(Image-text web data)
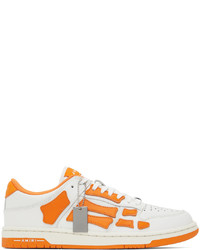 Amiri White Orange Skel Top Low Sneakers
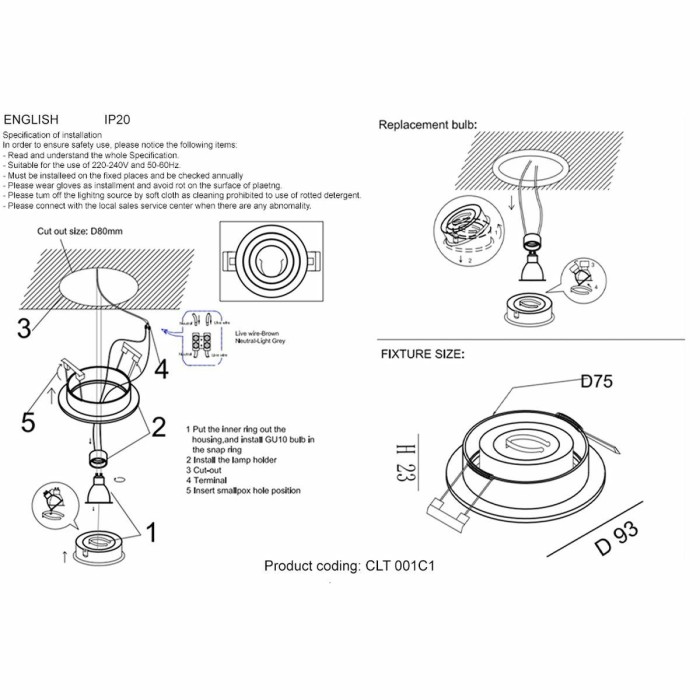 Встраиваемый светильник Crystal Lux CLT 001С1 BL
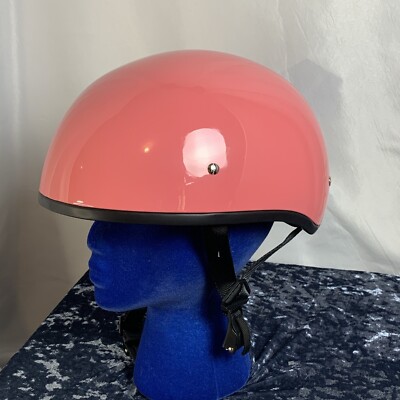 DAYTONA HELMETS DOT SKULL CAP W/O VISOR- HI-GLOSS PINK Size Medium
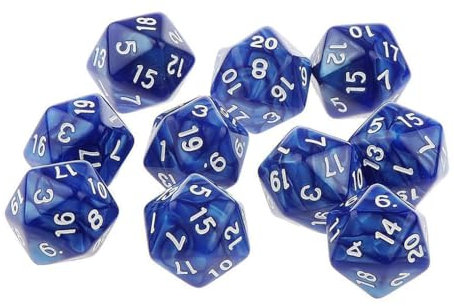 Yiotfandoll 10 dadi poliedrici D20 da 20 mm, in acrilico, a 20 facce, per giochi di ruolo, MTG, DND, giochi da tavolo (blu)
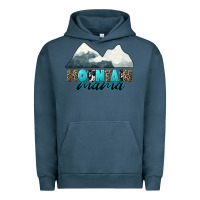 Pigment Midnight Navy Mountain Mama Urban Hoodie - CowGirlArtShop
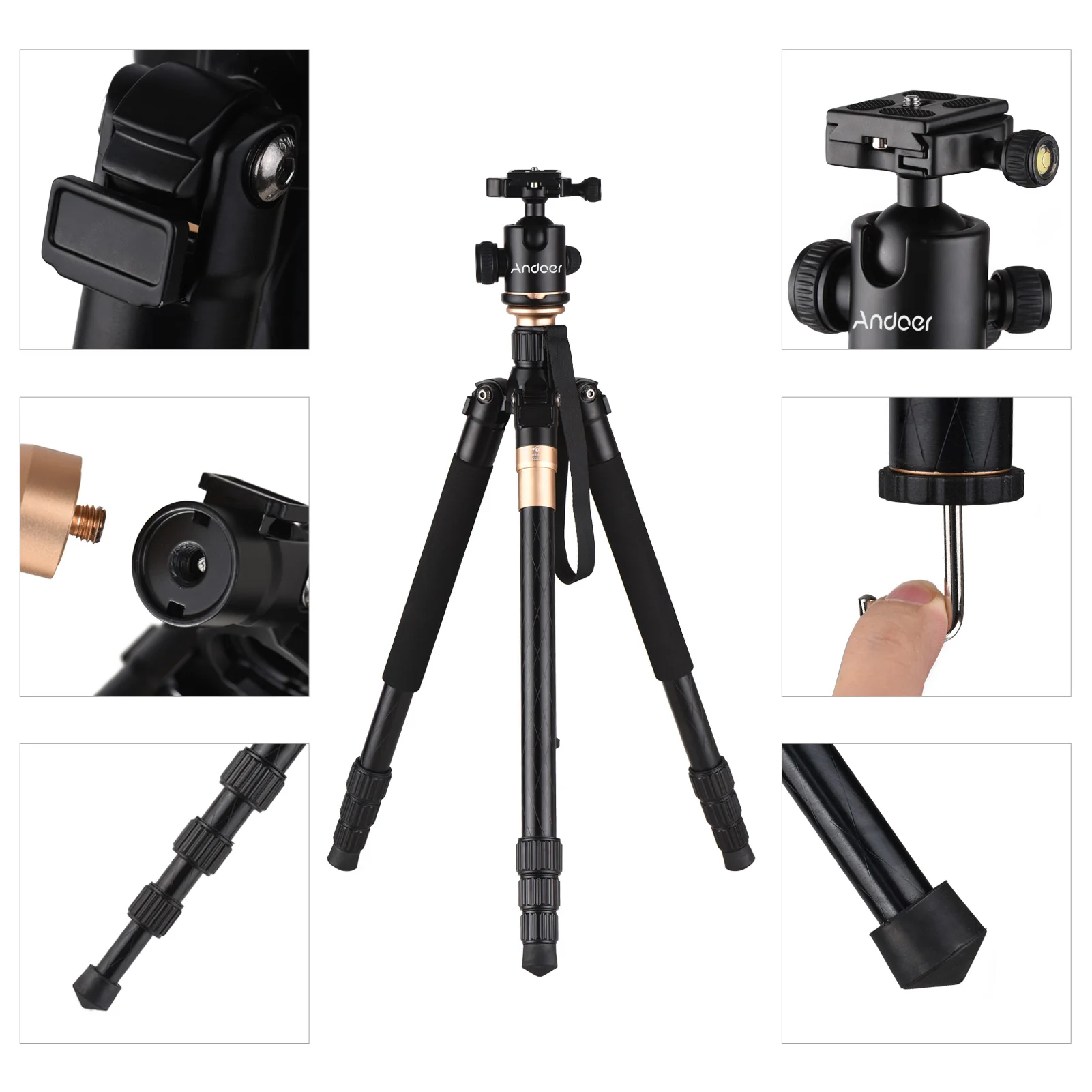 

Штатив-монопод Andoer Q999, 158 см, из алюминиевого сплава, с шариковой головкой, вес 10 кг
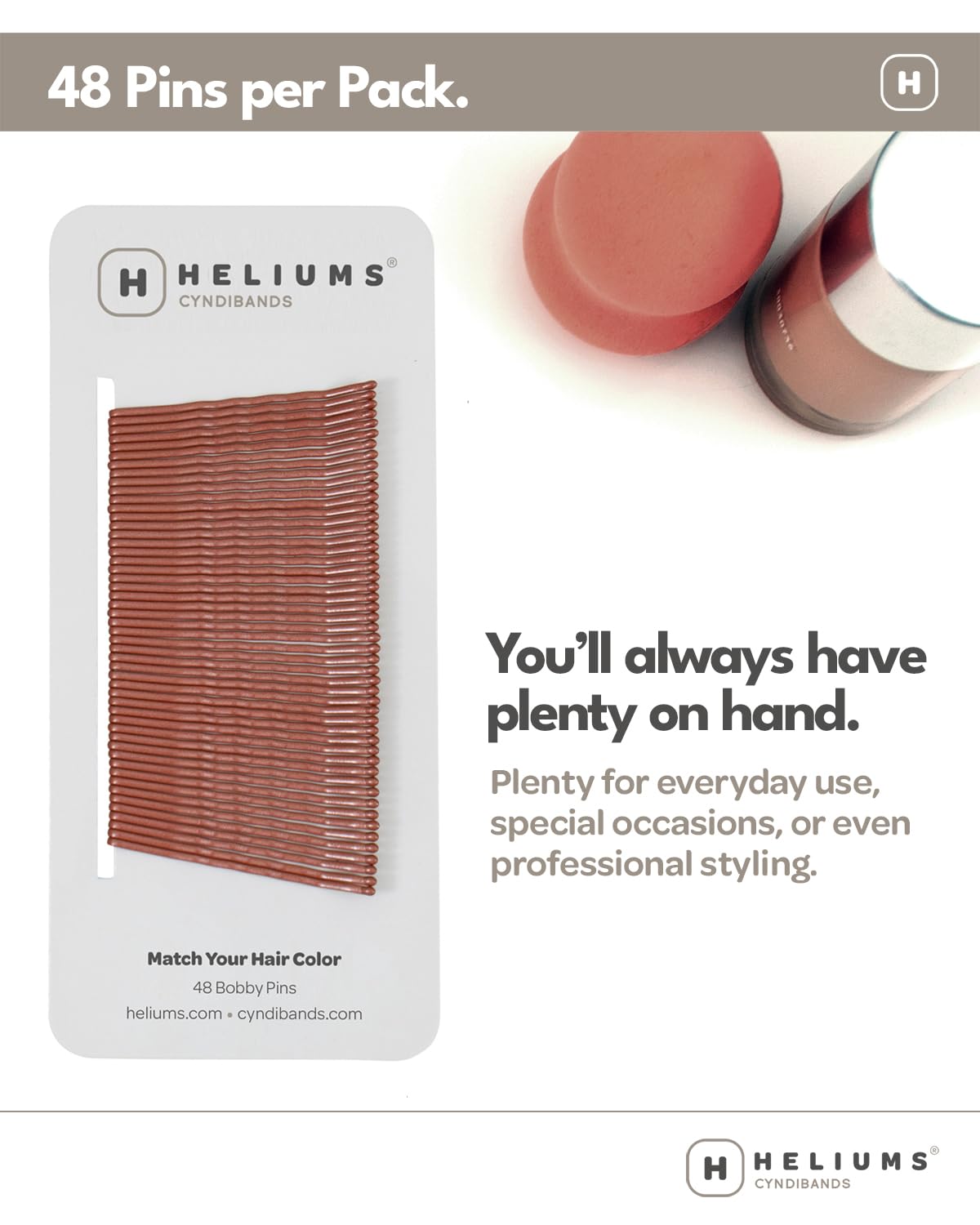 Heliums horquillas 48 unidades, ideal para estilistas y uso diario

EXERCISE DIRECTIONS = Any pictures should be dropped; transcribe the rest of the records above exactly.

YOUR RESPONSE =
 Amiri White Orange Skel Top Low Sneakers
 Встраиваемый светильник Crystal Lux CLT 001С1 BL
 DAYTONA HELMETS DOT SKULL CAP W/O VISOR- HI-GLOSS PINK Size Medium
 Yiotfandoll 10 dadi poliedrici D20 da 20 mm, in acrilico, a 20 facce, per giochi di ruolo, MTG, DND, giochi da tavolo (blu)
 Pigment Midnight Navy Mountain Mama Urban Hoodie - CowGirlArtShop

Штатив-монопод Andoer Q999, 158 см, из алюминиевого сплава, с шариковой головкой, вес 10 кг
 Heliums horquillas 48 unidades, ideal para estilistas y uso diario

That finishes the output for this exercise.